Per Cesare Prandelli la buona stampa è fondamentale, visto il materiale umano a disposizione, così in attesa dell'Europeo ed in assenza del previsto stage ha deciso di guadagnarsi facili consensi mediatici sostenendo che 'L'omofobia è razzismo, è indispensabile fare un passo ulteriore per tutelare tutti gli aspetti dell'autodeterminazione degli individui, sportivi compresi. Nel mondo del calcio e dello sport resiste ancora il tabù nei confronti dell'omosessualità, mentre ognuno deve vivere liberamente sè stesso, i propri desideri e i propri sentimenti'.
Frasi scritte nella prefazione del nuovo libro di Alessandro Cecchi Paone e Flavio Pagano, 'Il campione innamorato. Giochi proibiti dello sport', in libreria da giovedì. Intendiamoci: Prandelli ha ragione al 100% riguardo alla realtà del calcio e ogni forma di discriminazione andrebbe bandita non solo dagli stadi. Il problema è che non si tratta solo una questione di battutine nello spogliatoio, ma di tutto un sistema di comunicazione basato sull'esaltazione di valori per 'veri uomini' in contrapposizione a quello delle 'signorine' o dei 'senza palle'. Fa bene Prandelli a parlarne, insomma, al di là della furbizia mediatica dell'operazione (non a caso tutte ma proprio tutte le reazioni sono state positive), ma non è con il coming out di qualche campione (la statistica è scontata: 2 o 3 gay in un rosa di 25) che si cambia un linguaggio. Anzi, si rischia solo di esporre al pubblico ludibrio persone che non hanno alcuna voglia di fare i martiri della cultura omosessuale.
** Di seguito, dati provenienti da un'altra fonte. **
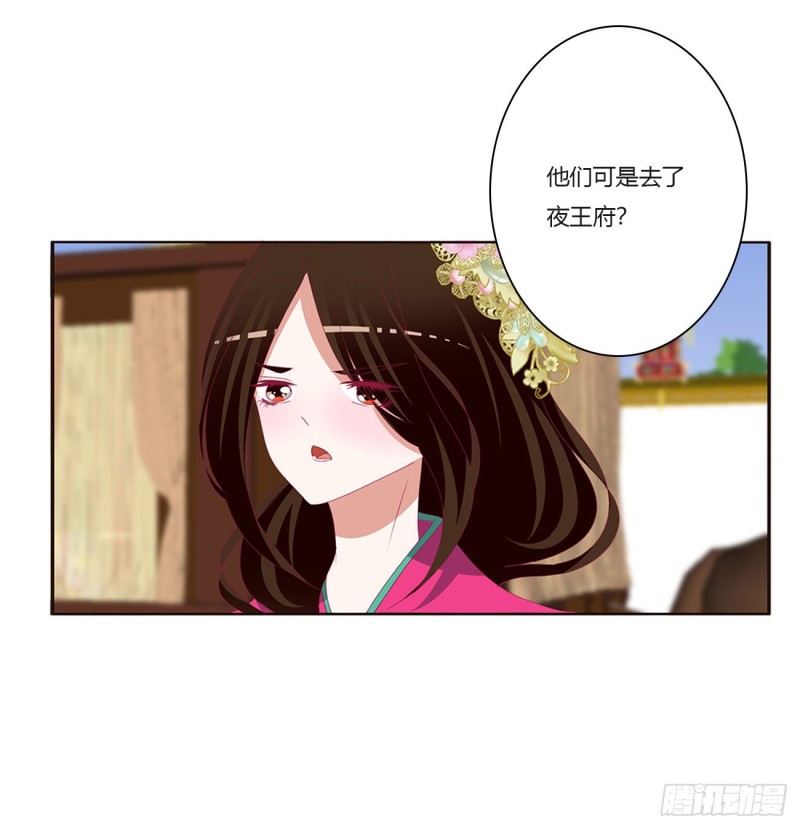 《通灵妃》漫画最新章节被赶出去免费下拉式在线观看章节第【38】张图片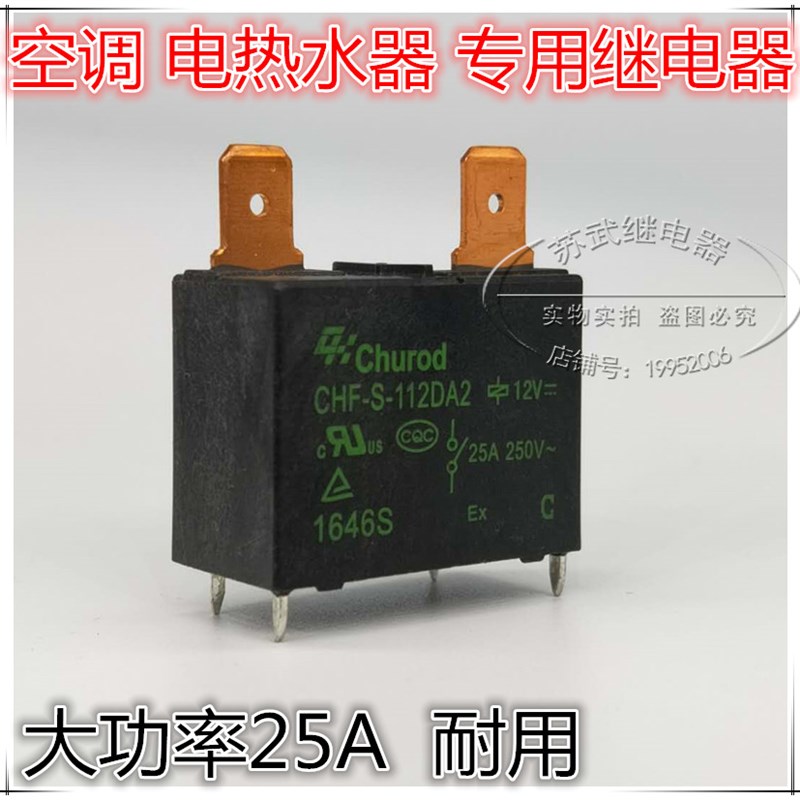891WP-1A-C-12vdc 热水器空调25A大功率继电器 CHF-S-112DA2 散新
Detto questo, molti giocatori di serie A dichiaratamente omosessuali hanno un aspetto e un modo di giocare 'guerriero' che potrebbe in qualche modo scardinare lo stereotipo, ma diciamo con chiarezza quello che non ci piace dell'impostazione cecchipaoniana e di tanti giornalisti gay: pensano di civilizzare le masse dando in pasto qualche aneddotto e qualche allusione su atleti omosessuali che non vogliono essere testimonial di alcunché ma solo essere lasciati in pace. Volutamente quindi ci sottraiamo al giochino del 'chi è' e alla solita autoflagellazione del calcio: ambiente che non è più retrogrado (secondo il postulato che l'omosessualità sia 'avanzata', beninteso) del nostro ordinario ufficio. Conclusione? Prandelli, anche al netto della furbizia (che coraggio ci vuole a fare un'affermazione che non verrà criticata da alcuno?), ha fatto bene. Ma non tocca al calcio risolvere i problemi della società che lo circonda, di cui è al massimo una rappresentazione in costume.